- Born: Ernestine Kisch October 5, 1877 Prague, Austria
- Died: March 6, 1986 (aged 98) Washington, D.C.
- Occupations: Editor, Suffragist
- Spouse: Emil von Fürth

= Ernestine von Fürth =

Ernestine von Fürth, née Kisch (5 October 1877, Prague – 31 October 1946, Washington, D.C.) was an Austrian-Jewish women's activist, a founding member of the "Neuen Wiener Frauenklub" (New Vienna Women's Club), chairwoman of the Austrian women's suffrage committee, and editor for the "Zeitschrift für Frauenstimmrecht" (Journal for Women's Suffrage) in Austria.

== Life ==
Although she was an important activist in Austrian history, relatively little is known about Ernestine von Fürth's private life. Born Ernestine Kisch to a wealthy Prague family, she married the court lawyer Emil von Fürth, who was at that time a member of the Viennese Sozialpolitische Partei (Social-Political Party). Both converted from Judaism in 1905. in 1906, Ernestine von Fürth founded the Austrian women's suffrage committee alongside Leopoldine Glöckel. The establishment of a legal women's suffrage association was not initially possible because the law prohibited women from membership in legal associations. In March 1912, Fürth was also a leading participant in the convening of the first Austrian women's suffrage conference in Vienna, which was intended to unite the Cisleithanien women's suffrage associations under one umbrella organization.
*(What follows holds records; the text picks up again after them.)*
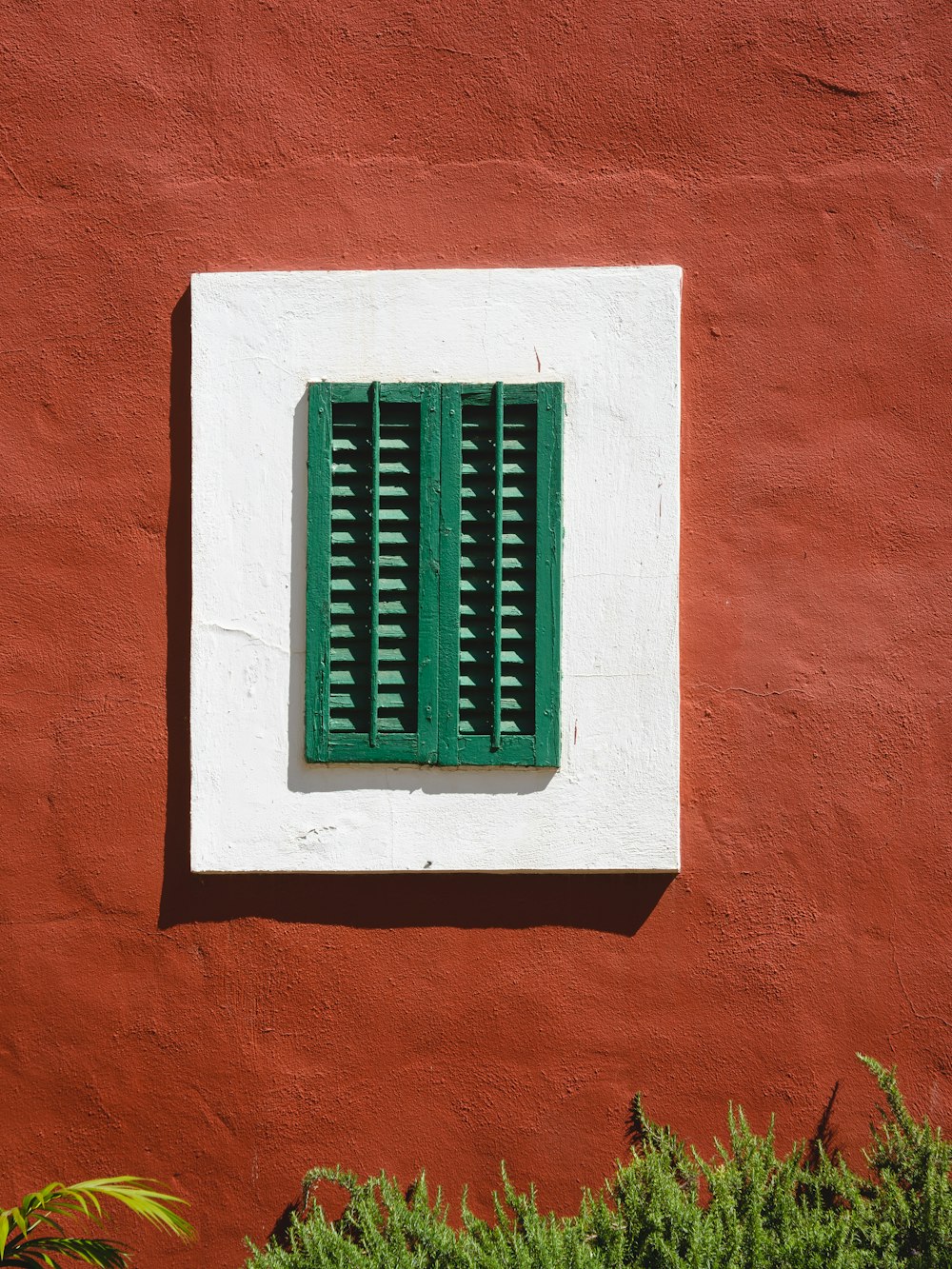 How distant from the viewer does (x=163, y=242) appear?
2.97 metres

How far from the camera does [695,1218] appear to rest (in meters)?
2.61

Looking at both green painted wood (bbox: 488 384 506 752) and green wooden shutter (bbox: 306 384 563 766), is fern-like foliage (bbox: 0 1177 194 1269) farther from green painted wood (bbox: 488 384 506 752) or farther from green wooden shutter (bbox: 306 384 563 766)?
green painted wood (bbox: 488 384 506 752)

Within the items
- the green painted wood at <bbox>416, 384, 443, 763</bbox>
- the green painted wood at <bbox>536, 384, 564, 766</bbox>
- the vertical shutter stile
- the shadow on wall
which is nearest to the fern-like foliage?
the shadow on wall

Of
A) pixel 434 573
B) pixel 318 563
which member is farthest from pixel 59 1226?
pixel 434 573

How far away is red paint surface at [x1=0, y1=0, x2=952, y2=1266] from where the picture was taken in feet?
9.55

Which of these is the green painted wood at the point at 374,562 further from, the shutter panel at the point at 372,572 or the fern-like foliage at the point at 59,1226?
the fern-like foliage at the point at 59,1226

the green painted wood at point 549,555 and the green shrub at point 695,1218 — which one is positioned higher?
the green painted wood at point 549,555

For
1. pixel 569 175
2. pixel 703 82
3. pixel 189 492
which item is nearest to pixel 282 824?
pixel 189 492

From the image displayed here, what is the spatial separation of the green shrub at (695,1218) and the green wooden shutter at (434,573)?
1.18 m

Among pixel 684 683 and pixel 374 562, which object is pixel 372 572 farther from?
pixel 684 683

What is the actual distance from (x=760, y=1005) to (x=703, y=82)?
264cm

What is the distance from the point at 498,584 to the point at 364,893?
97cm

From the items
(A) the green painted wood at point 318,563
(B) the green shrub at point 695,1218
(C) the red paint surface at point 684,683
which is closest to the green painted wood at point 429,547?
(A) the green painted wood at point 318,563

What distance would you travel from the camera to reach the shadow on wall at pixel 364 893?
2914 mm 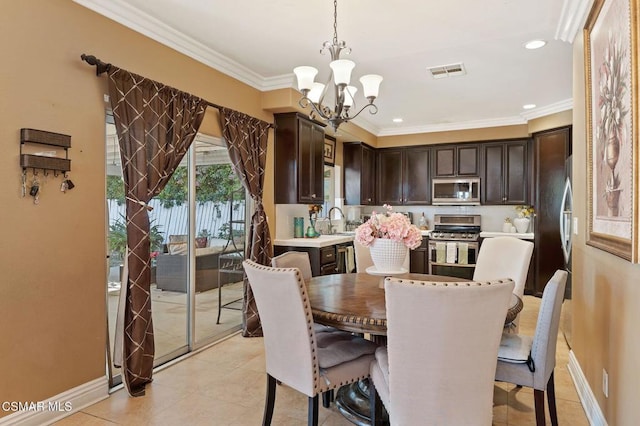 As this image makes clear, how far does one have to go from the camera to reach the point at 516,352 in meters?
2.07

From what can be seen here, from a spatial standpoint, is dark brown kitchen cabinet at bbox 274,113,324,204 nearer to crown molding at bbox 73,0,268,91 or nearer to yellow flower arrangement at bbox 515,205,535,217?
crown molding at bbox 73,0,268,91

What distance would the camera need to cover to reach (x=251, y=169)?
3969mm

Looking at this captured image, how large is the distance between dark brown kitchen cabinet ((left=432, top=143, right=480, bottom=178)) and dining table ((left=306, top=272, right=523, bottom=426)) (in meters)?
3.99

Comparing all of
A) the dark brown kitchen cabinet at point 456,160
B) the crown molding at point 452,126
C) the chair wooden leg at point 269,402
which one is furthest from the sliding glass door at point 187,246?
the dark brown kitchen cabinet at point 456,160

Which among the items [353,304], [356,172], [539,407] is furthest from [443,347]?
[356,172]

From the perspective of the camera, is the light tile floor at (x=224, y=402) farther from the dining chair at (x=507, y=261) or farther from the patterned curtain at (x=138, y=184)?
the dining chair at (x=507, y=261)

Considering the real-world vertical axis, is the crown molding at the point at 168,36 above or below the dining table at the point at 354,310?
above

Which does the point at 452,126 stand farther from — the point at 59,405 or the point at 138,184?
the point at 59,405

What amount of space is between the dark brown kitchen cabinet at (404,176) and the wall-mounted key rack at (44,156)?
5.31 meters

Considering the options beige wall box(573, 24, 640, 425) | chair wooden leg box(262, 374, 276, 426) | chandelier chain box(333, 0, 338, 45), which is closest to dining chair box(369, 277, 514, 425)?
beige wall box(573, 24, 640, 425)

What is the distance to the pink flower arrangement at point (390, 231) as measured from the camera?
265 cm

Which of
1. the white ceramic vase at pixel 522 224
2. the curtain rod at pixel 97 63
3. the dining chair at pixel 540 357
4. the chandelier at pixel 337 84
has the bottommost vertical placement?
the dining chair at pixel 540 357

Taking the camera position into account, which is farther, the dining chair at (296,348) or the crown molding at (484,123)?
the crown molding at (484,123)

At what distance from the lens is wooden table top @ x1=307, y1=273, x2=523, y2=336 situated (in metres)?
1.90
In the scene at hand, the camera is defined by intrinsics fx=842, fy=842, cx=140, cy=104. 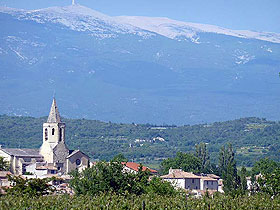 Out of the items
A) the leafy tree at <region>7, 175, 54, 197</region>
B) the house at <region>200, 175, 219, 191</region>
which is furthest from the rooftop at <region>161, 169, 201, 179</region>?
the leafy tree at <region>7, 175, 54, 197</region>

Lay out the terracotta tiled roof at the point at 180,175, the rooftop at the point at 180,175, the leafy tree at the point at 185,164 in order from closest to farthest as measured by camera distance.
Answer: the rooftop at the point at 180,175
the terracotta tiled roof at the point at 180,175
the leafy tree at the point at 185,164

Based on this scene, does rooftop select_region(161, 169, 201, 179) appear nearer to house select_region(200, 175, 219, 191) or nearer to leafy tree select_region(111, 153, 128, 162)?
house select_region(200, 175, 219, 191)

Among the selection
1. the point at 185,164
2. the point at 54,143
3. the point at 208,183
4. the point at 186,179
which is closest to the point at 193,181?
the point at 186,179

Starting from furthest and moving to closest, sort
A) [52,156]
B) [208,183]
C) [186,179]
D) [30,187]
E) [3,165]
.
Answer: [52,156]
[3,165]
[208,183]
[186,179]
[30,187]

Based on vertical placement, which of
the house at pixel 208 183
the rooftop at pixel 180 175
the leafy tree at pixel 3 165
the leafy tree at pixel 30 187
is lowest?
the leafy tree at pixel 30 187

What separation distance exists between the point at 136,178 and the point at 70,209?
1822cm

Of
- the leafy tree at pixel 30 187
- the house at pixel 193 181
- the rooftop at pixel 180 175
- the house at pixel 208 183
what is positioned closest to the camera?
the leafy tree at pixel 30 187

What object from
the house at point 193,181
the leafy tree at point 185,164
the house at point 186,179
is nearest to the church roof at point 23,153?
the leafy tree at point 185,164

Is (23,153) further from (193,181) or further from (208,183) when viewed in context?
(208,183)

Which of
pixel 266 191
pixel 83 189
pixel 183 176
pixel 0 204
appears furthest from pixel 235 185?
pixel 0 204

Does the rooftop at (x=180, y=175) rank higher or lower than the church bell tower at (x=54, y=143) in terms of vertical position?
lower

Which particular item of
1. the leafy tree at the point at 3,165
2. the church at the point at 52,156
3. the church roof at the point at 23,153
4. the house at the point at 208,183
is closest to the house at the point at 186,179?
the house at the point at 208,183

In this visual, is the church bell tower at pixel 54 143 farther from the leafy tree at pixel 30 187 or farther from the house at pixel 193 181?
the leafy tree at pixel 30 187

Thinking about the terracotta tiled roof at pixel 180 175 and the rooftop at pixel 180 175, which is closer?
the rooftop at pixel 180 175
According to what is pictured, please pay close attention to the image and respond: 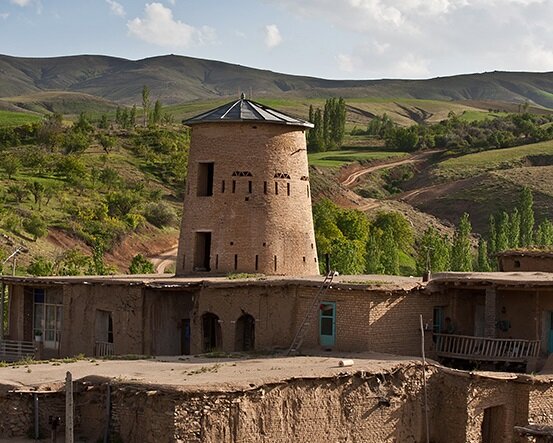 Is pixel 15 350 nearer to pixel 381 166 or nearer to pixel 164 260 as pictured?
pixel 164 260

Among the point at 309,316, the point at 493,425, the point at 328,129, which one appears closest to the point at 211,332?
the point at 309,316

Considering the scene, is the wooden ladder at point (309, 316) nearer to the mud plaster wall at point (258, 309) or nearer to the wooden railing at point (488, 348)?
the mud plaster wall at point (258, 309)

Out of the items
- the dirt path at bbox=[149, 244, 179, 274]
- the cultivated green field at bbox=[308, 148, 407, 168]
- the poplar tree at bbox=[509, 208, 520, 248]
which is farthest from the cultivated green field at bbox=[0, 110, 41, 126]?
the poplar tree at bbox=[509, 208, 520, 248]

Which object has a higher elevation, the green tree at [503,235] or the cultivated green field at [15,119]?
the cultivated green field at [15,119]

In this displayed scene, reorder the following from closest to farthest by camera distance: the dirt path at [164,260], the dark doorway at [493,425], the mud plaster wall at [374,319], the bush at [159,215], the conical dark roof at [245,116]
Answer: the dark doorway at [493,425]
the mud plaster wall at [374,319]
the conical dark roof at [245,116]
the dirt path at [164,260]
the bush at [159,215]

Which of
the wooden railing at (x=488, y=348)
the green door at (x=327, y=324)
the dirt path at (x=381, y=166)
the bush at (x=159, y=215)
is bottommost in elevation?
the wooden railing at (x=488, y=348)

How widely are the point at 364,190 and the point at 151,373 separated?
6887 centimetres

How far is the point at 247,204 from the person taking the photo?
31.9 m

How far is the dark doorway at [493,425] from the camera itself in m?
24.5

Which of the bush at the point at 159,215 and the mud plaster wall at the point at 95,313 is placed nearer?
the mud plaster wall at the point at 95,313

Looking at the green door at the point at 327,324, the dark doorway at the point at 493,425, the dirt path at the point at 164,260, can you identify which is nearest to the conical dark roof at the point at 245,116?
the green door at the point at 327,324

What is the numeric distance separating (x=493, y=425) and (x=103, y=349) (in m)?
11.6

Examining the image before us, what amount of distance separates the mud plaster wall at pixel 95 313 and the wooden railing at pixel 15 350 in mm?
1665

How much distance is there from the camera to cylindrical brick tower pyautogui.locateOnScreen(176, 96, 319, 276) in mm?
31828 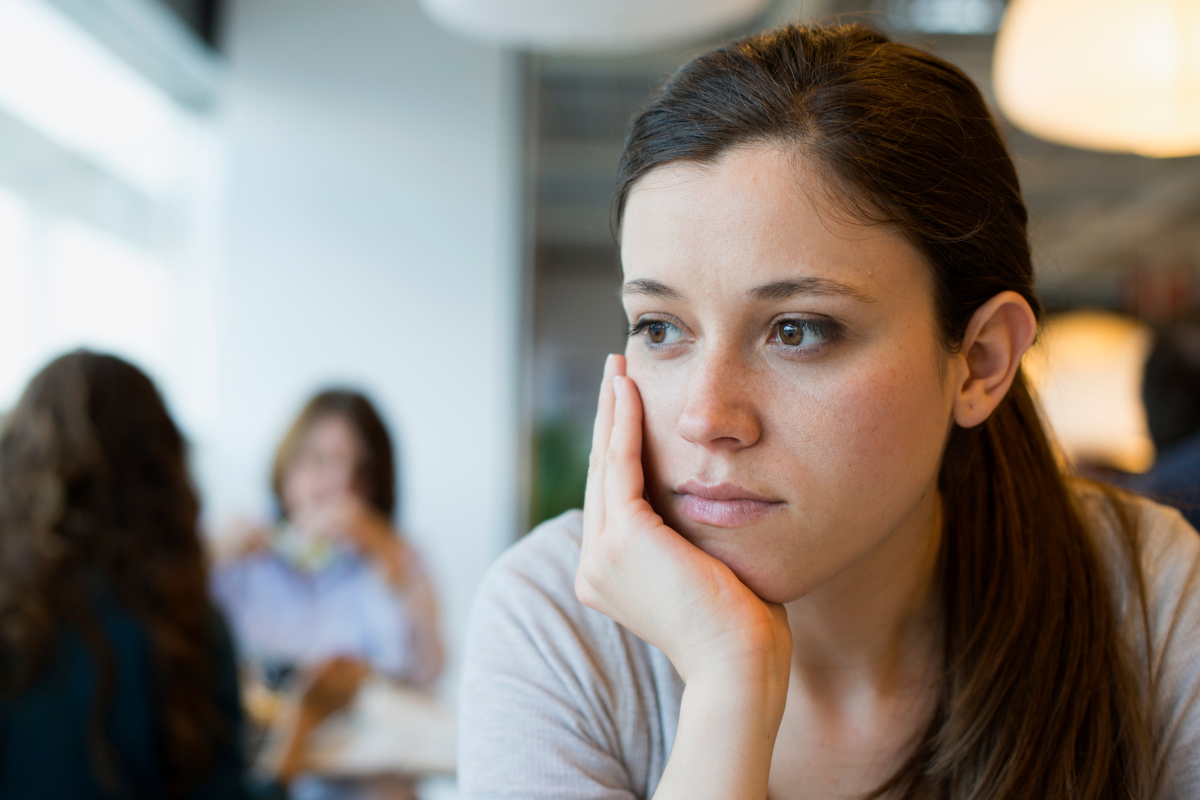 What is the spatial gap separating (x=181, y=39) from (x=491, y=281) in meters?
1.64

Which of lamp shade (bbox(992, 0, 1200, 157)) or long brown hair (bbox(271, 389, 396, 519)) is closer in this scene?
lamp shade (bbox(992, 0, 1200, 157))

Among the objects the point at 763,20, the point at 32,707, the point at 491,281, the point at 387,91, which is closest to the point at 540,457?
the point at 491,281

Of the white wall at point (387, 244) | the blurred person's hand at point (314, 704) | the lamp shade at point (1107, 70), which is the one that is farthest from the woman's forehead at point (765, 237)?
the white wall at point (387, 244)

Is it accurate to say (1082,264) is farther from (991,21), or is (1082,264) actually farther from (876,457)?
(876,457)

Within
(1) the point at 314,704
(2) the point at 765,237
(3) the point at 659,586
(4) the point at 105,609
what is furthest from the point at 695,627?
(1) the point at 314,704

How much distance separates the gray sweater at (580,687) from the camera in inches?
36.3

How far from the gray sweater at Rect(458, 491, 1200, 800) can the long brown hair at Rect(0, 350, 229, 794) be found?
0.94m

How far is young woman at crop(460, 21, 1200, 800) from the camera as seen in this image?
34.1 inches

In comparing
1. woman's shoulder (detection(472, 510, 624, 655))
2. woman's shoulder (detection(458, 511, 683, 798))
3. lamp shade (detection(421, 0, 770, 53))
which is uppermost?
lamp shade (detection(421, 0, 770, 53))

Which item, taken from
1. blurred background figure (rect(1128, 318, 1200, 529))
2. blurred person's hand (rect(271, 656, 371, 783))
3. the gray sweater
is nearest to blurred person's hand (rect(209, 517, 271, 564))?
blurred person's hand (rect(271, 656, 371, 783))

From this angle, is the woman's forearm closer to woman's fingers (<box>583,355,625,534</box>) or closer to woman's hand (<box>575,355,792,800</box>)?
woman's hand (<box>575,355,792,800</box>)

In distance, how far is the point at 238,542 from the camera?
9.18 feet

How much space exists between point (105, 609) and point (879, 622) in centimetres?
136

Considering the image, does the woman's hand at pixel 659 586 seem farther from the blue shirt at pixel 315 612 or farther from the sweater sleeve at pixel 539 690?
the blue shirt at pixel 315 612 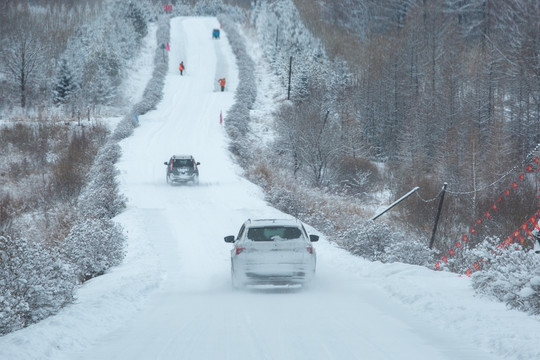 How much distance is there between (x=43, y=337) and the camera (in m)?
8.06

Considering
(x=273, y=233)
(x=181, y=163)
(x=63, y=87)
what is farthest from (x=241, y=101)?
(x=273, y=233)

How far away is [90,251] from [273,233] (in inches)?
231

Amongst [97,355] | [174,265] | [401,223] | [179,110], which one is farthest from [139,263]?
[179,110]

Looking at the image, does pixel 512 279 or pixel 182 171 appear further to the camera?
pixel 182 171

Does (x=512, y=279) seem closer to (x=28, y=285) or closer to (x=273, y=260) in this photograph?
(x=273, y=260)

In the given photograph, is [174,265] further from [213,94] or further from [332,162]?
[213,94]

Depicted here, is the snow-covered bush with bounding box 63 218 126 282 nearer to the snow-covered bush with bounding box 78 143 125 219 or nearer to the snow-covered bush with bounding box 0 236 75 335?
the snow-covered bush with bounding box 0 236 75 335

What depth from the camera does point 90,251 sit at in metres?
16.7

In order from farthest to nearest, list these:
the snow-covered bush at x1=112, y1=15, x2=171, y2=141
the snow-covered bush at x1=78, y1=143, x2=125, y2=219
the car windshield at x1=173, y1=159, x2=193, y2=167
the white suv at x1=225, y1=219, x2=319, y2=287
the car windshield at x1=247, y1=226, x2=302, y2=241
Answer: the snow-covered bush at x1=112, y1=15, x2=171, y2=141 → the car windshield at x1=173, y1=159, x2=193, y2=167 → the snow-covered bush at x1=78, y1=143, x2=125, y2=219 → the car windshield at x1=247, y1=226, x2=302, y2=241 → the white suv at x1=225, y1=219, x2=319, y2=287

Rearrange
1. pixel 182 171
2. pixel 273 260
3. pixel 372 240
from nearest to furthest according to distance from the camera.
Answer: pixel 273 260
pixel 372 240
pixel 182 171

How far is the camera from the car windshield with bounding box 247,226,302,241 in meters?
13.5

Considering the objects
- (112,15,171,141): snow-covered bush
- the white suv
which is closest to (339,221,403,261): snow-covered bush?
the white suv

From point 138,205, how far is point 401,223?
13.7 m

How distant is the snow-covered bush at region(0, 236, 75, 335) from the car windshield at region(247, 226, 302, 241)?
13.4 feet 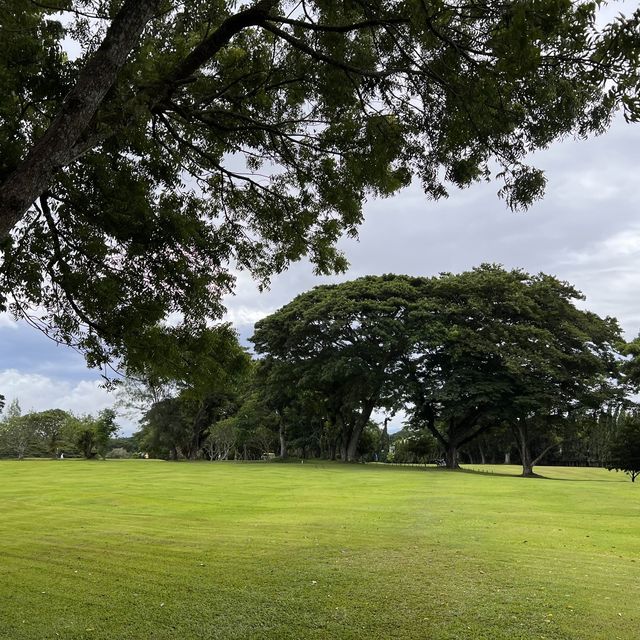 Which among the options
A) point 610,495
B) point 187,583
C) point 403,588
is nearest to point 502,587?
point 403,588

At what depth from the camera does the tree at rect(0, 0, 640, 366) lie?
13.8 feet

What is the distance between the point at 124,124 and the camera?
192 inches

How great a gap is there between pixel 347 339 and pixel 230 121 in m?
31.7

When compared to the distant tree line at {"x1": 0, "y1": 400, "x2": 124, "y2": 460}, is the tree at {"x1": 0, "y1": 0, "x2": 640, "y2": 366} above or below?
above

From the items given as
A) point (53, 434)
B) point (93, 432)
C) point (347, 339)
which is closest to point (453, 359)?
point (347, 339)

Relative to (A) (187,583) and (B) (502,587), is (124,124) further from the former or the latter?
(B) (502,587)

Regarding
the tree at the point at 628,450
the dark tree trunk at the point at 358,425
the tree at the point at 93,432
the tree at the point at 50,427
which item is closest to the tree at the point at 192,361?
the tree at the point at 628,450

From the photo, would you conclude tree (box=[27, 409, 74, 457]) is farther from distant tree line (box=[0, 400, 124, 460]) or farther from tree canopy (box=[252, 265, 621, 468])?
tree canopy (box=[252, 265, 621, 468])

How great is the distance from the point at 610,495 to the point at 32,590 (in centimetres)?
1912

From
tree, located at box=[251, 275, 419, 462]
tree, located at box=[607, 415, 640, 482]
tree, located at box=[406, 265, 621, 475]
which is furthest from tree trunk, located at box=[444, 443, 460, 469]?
tree, located at box=[607, 415, 640, 482]

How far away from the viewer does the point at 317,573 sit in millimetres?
7070

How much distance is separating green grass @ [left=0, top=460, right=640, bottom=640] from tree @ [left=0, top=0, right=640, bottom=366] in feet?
10.3

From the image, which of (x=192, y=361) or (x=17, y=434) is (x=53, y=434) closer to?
(x=17, y=434)

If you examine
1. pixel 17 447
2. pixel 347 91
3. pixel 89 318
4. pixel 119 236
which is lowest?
pixel 17 447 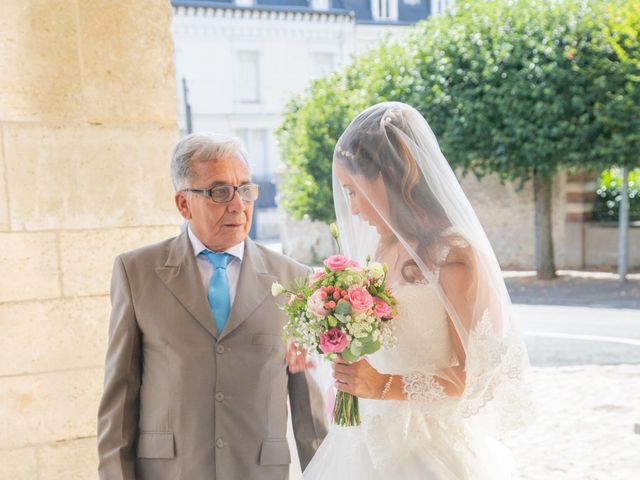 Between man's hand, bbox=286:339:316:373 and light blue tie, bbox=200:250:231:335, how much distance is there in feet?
0.69

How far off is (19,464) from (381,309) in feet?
5.93

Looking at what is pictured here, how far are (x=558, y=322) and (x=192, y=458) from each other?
27.8ft

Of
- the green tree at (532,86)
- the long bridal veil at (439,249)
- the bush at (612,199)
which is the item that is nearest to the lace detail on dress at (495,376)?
the long bridal veil at (439,249)

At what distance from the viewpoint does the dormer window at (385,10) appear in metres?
28.2

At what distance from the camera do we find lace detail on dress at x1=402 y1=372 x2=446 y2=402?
192cm

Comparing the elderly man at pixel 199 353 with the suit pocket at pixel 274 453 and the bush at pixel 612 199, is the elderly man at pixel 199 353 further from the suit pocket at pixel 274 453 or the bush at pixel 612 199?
the bush at pixel 612 199

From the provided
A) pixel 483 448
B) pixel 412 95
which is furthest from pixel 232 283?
pixel 412 95

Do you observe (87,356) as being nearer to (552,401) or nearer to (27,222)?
(27,222)

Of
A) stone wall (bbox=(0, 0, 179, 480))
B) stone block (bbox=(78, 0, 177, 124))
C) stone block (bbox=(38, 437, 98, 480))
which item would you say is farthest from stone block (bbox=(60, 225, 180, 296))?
stone block (bbox=(38, 437, 98, 480))

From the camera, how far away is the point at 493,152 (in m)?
13.7

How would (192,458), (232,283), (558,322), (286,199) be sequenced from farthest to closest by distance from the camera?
1. (286,199)
2. (558,322)
3. (232,283)
4. (192,458)

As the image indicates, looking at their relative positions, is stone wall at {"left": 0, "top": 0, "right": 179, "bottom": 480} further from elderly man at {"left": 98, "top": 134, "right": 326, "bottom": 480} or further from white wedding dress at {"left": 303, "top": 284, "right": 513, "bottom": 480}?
white wedding dress at {"left": 303, "top": 284, "right": 513, "bottom": 480}

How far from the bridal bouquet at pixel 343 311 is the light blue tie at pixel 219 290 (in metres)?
0.30

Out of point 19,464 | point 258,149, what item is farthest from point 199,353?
point 258,149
Her son was the lawyer and economist Herbert Furth, a member of the same circle as Ludwig von Mises and Friedrich August von Hayek. The mother and son fled together to the United States in 1938 to avoid persecution under the rise of National Socialism and the Nazi regime.

Ernestine von Fürth died on 31 October 1946, in Washington D.C.

==Literature ==

- Elisabeth Malleier, Jüdische Frauen in der Wiener bürgerlichen Frauenbewegung 1890–1938. 2001, especially p. 59–65.
- Margarete Grandner, Edith Saurer, Geschlecht, Religion und Engagement: Die jüdischen Frauenbewegungen im deutschsprachigen Raum (19. und frühes 20. Jahrhundert). Böhlau Verlag, Vienna 2005, ISBN 3205772598.